Le CLF ne pouvait donc, contrairement aux banques classiques, disposer d'une quantité suffisante d'actifs pour pouvoir alimenter, ne serait-ce qu'en partie, les prêts qu'il faisait aux collectivités. Il continuait à trouver son argent sur le marché obligataire, mais à des taux toujours plus élevés, faute de garantie de l'État. Ses profits ne pouvaient donc qu'être assis sur la différence entre le taux auquel il empruntait sur les marchés, et le taux auquel il prêtait. Un tel système peut fonctionner lorsque l'on a affaire à une banque d'État, dont les seuls frais sont de payer ses salariés et son budget de fonctionnement. Mais lorsque la banque devient une banque privée et cotée, avec des actionnaires dont le seul objectif est de percevoir du profit, le système ne fonctionne plus.
Au milieu des années 1990, la marge du CLF s'effondre : en 1992, la différence entre le taux auquel il empruntait et le taux auquel il prêtait aux collectivités était de 0,25 % - ce qui, sur des masses d'emprunts de plusieurs dizaines de milliards, assure un bénéfice confortable. Mais en 1997 cette différence avait chuté à 0,06 %.
C'est cette évolution qui va pousser les dirigeants du CLF à diversifier leur offre aux collectivités et à ne plus proposer des emprunts « à la papa », comme dira l'un d'eux des années plus tard.
Tout d'abord, le CLF se lance dans une campagne tous azimuts de développement international. Il commence par se marier, en 1996, avec son homologue belge, le Crédit communal de Belgique. L'établissement issu de cette fusion prend le nom, aujourd'hui tristement célèbre chez les élus, de Dexia. Il achète des filiales dans tous les pays, de la Scandinavie à l'Australie en passant par l'Irlande, le Portugal, la Roumanie, le Canada, le Japon, la Chine et, bien sûr, les États-Unis. Partout, le nouveau groupe prête de l'argent aux collectivités publiques - villes, États, organismes sociaux, bailleurs locatifs, hôpitaux... En 2001, son portefeuille de crédit atteint 150 milliards d'euros. Il sera de 322 milliards en 2007.
Parallèlement, le groupe, d'émetteur d'obligations qu'il était, devient acquéreur. Pour se constituer une réserve de fonds en cas de coup dur - avoir une telle réserve est la condition sine qua non pour pouvoir continuer d'emprunter à des taux raisonnables - Dexia se met à acheter des obligations par wagons : en 2008, il possédera un portefeuille d'obligations de 220 milliards d'euros. Mais un tel portefeuille est, par nature, volatil, dans ce monde capitaliste où rien n'est moins stable que la situation économique des entreprises et des États. Si acheter des obligations émises par l'État grec pouvait apparaître sûr en 1997, il n'en sera plus tout à fait de même après 2010...
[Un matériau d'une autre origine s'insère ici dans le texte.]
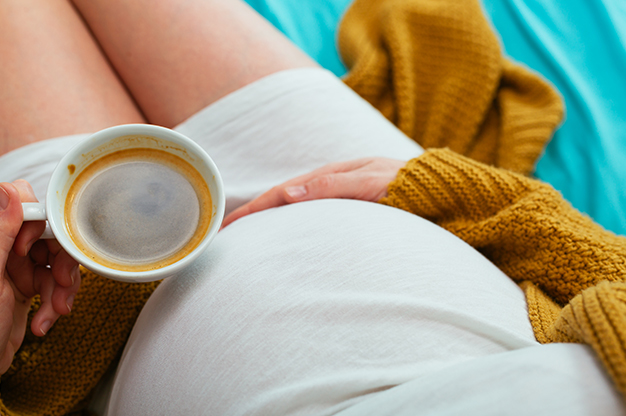 Lượng cafein an toàn cho mẹ mỗi ngày là dưới 200 mg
En une vingtaine d'années, la petite filiale « d'aide à l'investissement des collectivités » de la CDC s'est donc transformée, avec l'aide active des gouvernements de droite et de gauche, en un gigantesque organisme financier, faisant du profit aux quatre coins du monde et devenu ce que les financiers appellent un « hedge fund », c'est-à-dire un fonds d'investissement qui spécule sur des milliards d'euros.
Une influence unique sur les élus
Malgré cette évolution, le fonds de commerce de Dexia est resté le crédit aux collectivités publiques. Mais, on l'a dit, avec des façons de faire tout à fait nouvelles : plus question de prêter avec des taux faibles mais stables. Dexia n'est plus là pour aider les collectivités à investir, mais pour gagner de l'argent.
Et la concurrence est rude : déréglementation oblige, les banques privées - françaises comme étrangères - se sont jetées sur le marché du crédit aux collectivités dès le début des années 1990, là où, auparavant, seuls le CLF et, dans une moindre mesure, le Crédit agricole intervenaient. Ce marché attirant les requins de la finance, en 1994 la puissante banque d'affaires américaine JP Morgan arrive sur le marché du prêt aux collectivités françaises.
Pour les banques, les collectivités apparaissent comme une proie de choix : elles ont la réputation d'être de bonnes payeuses, et la loi qui leur interdit d'être en déficit les empêche, en théorie, de pouvoir faire faillite. Face à cette concurrence nouvelle, Dexia va, en premier, avoir l'idée de proposer aux collectivités de révolutionner leurs méthodes d'emprunt, et introduire à grande échelle les prêts à haut risque qui, quelques années plus tard, ruineront des communes entières.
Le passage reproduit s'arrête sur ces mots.